England put in a dominant performance in Liege, Belgium, this weekend to win the second European U18 championship, retaining their title.
(Picture: Ligue belge francophone de rugby)
With over a quarter of Europe’s teenage players to choose from, an effective junior talent identification programme in place for two decades, not to mention their overwhelming win in 2014, England were always strong favourites for this tournament – and fully justified that position, although their win this year was tougher than last, when they failed to concede a point. They started in similar vein this time finishing the opening day as comfortable top seeds for the quarter finals following big wins over Ukraine and Germany, but finally had their defence breached by Portugal at the end of the day as the largely unfancied young "wolves" proved to be as unpredictable as their elders, holding England to just a 17-5 win - comfortably their closest game in the (admittedly short) history of U18s sevens.

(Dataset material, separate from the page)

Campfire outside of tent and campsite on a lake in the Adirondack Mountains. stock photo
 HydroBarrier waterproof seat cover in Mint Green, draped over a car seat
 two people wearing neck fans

In Pool B 2014 runners-up Wales were also surprised by Iberian opposition in their opening fixture when they could only draw with Spain. Spain had not played in 2014, when they had gone to the Youth Olympics, and their performance in this opening game showed that their invitation to Nanjing to represent Europe last year had been fully justified. They were clearly far stronger than their 11th seeding, making this pool (which also contained Ireland and Italy) particularly tough. In the end the Spanish took pole position on just points difference from Wales, while the fancied young Irish team could only finish third - giving them a very tough quarter-final (though even that was touch and go until the final game). It was particularly hard on the young Italians, who finished bottom of the pool despite good performances against Wales and Ireland.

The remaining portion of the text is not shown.